Fair dues to you in managing this yourself. The problem is one company tries to play off another and the circle never closes. With a Debt Comp they see all in one go and from experience it takes stress from you.
Wish you well.


----------



## wbbs (22 Aug 2013)

You could also use MABS, the creditors definitely take notice and usually accept their proposals and it is free.


----------



## DebtCert (22 Aug 2013)

Another possibility is to sell your €3k car, buy a €2k car, distribute €1k among your creditors and then apply via MABS for a Debt Relief Notice providing you meet the eligibility criteria otherwise. Be careful not to prefer one creditor over another if you do this.


----------



## wmpdd3 (23 Aug 2013)

The DRN is tempting but I believe I can repay my debts, just a lot slower than I thought. 

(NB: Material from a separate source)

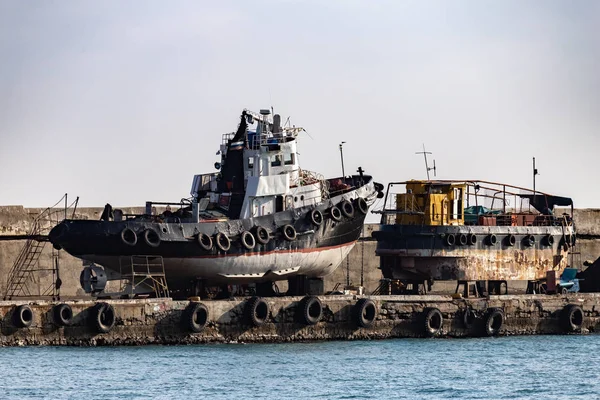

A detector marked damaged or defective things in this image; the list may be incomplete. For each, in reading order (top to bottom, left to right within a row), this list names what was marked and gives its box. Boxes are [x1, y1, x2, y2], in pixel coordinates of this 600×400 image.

rusty ship [49, 108, 382, 298]
rusty ship [372, 180, 576, 296]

Looking at the first draught of the new budget, I can be debt free within 5.5 years. Hopefully this time is the last time I have to negotiate.

Thank you for all the valuable advice.


----------



## wmpdd3 (13 Sep 2013)

I had a look into the DRN but fell at the first hurdle as my car may be worth slightly over €2000,but I can't find out where they get their 'worth' price from. The car has many body work issues, surely this should make a difference? 

Seems like I more than qualify on all other terms, MABS were quite helpful and quick to get back to me when I called.


----------